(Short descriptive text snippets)
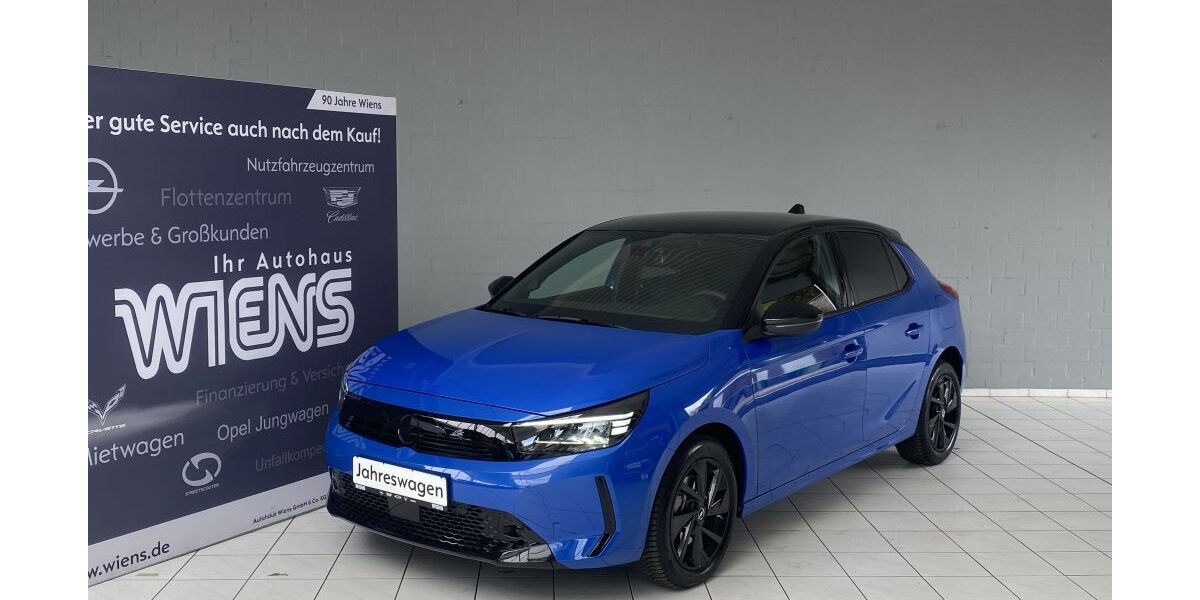 Opel Corsa 19.468 km 17.590 &euro; Billerbeck 48727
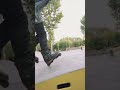 inline skating extreme shorts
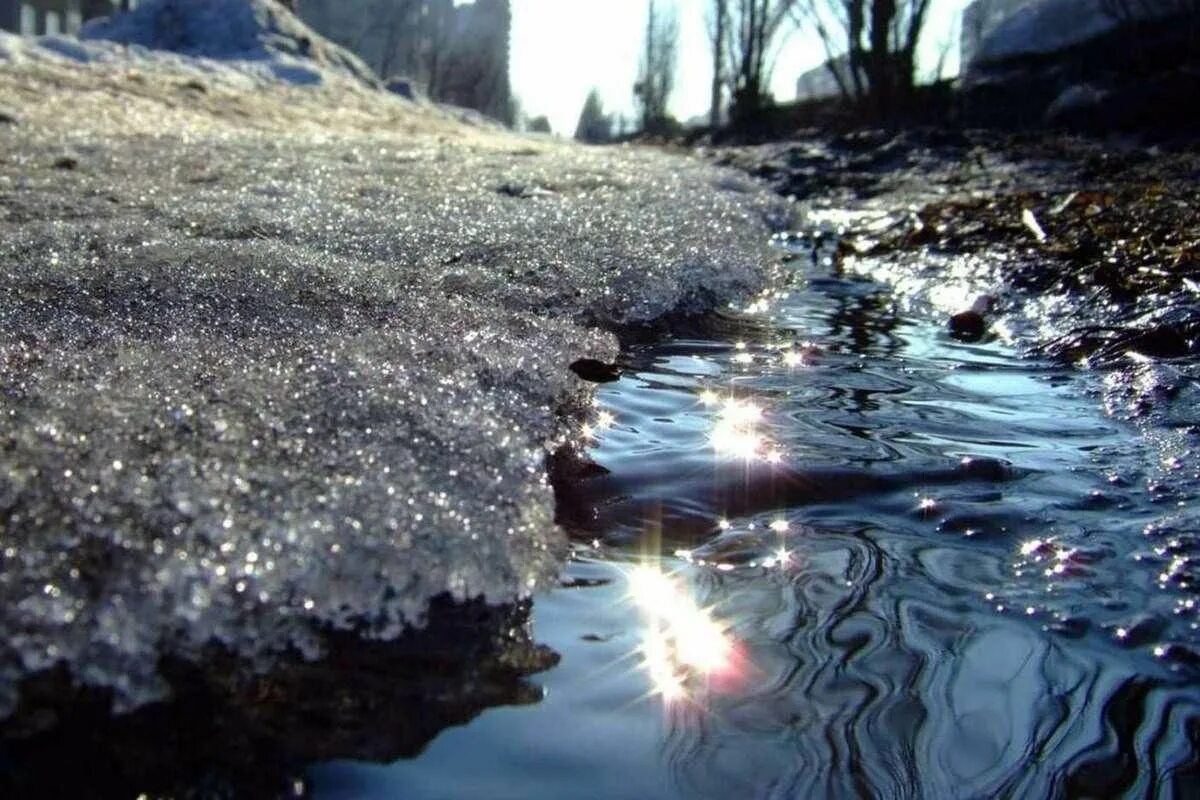 Талые воды весной. Весенние ручьи. Таяние снега весной. Весенний Ручеек. Талый снег.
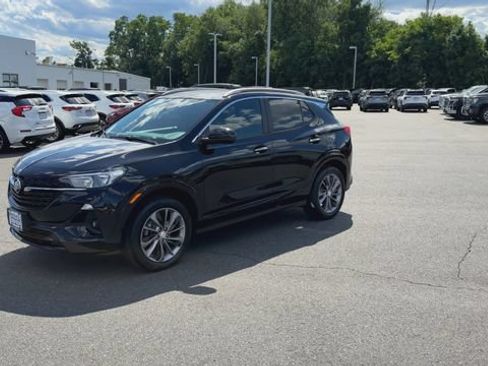 Certified 2023 Buick Encore GX Select w/ Sport Touring Package AWD/4WD image 4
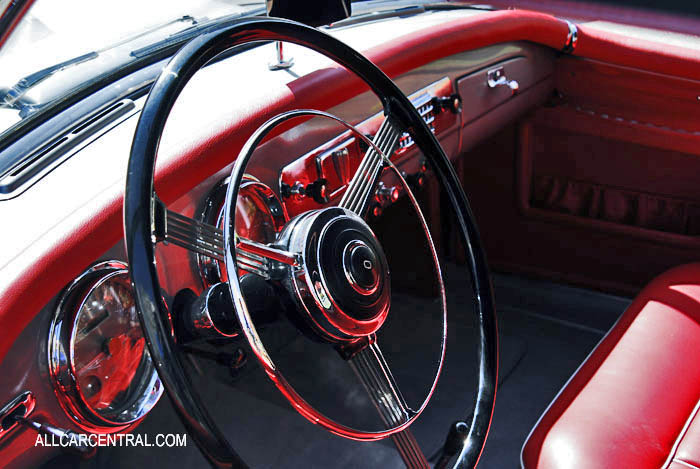 Nash Healey 1952-1953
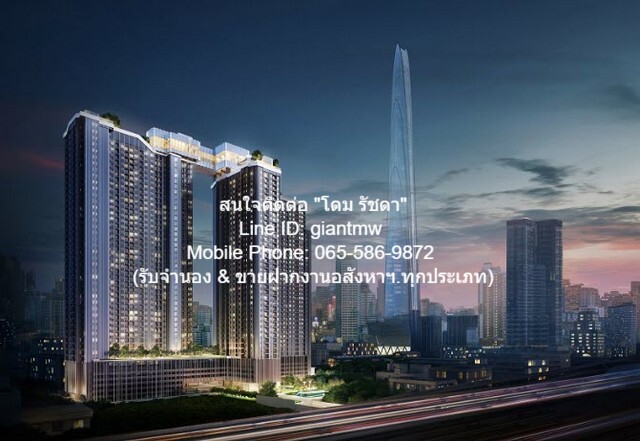 คอนโด. Life Asoke - Rama 9 ไลฟ์ อโศก - พระราม 9 1 นอน ขนาด = 32 ตาราง.เมตร 5150000 thb ไม่ไกลจาก รถไฟฟ้า MRT พระราม 9 ราคาดีที่สุด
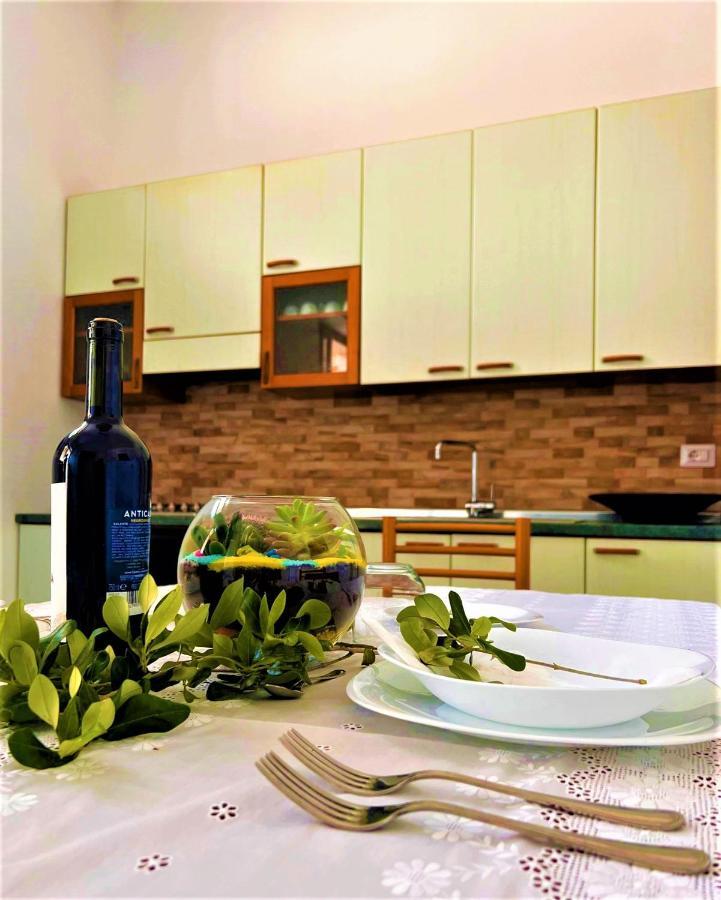 Residenza Salentina Villa Ruffano Luaran gambar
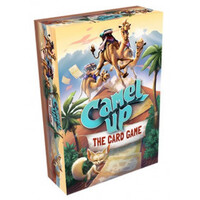 Camel Up - The Card Game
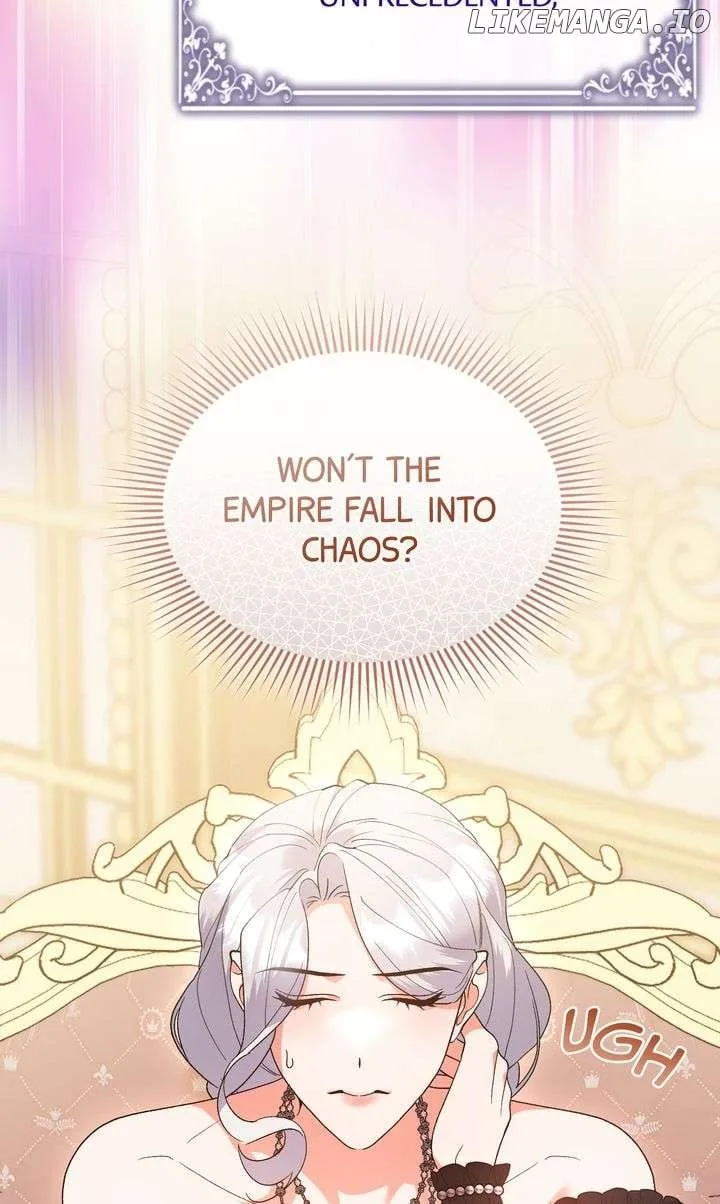 I Want To Become The Emperor, So I Need A Divorce Chapter 69 page 28
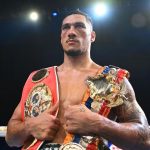 ‘This is the path’: Opetaia blazing Vegas trail to top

* [REQUIREMENT] Starting with the line that contains "Residenza Salentina Villa" and ending with the last line of the data above, transcribe exactly those lines and no others, without pictures.

* [PROBLEM SOLUTION]
 Residenza Salentina Villa Ruffano Luaran gambar
 Camel Up - The Card Game
 I Want To Become The Emperor, So I Need A Divorce Chapter 69 page 28
 ‘This is the path’: Opetaia blazing Vegas trail to top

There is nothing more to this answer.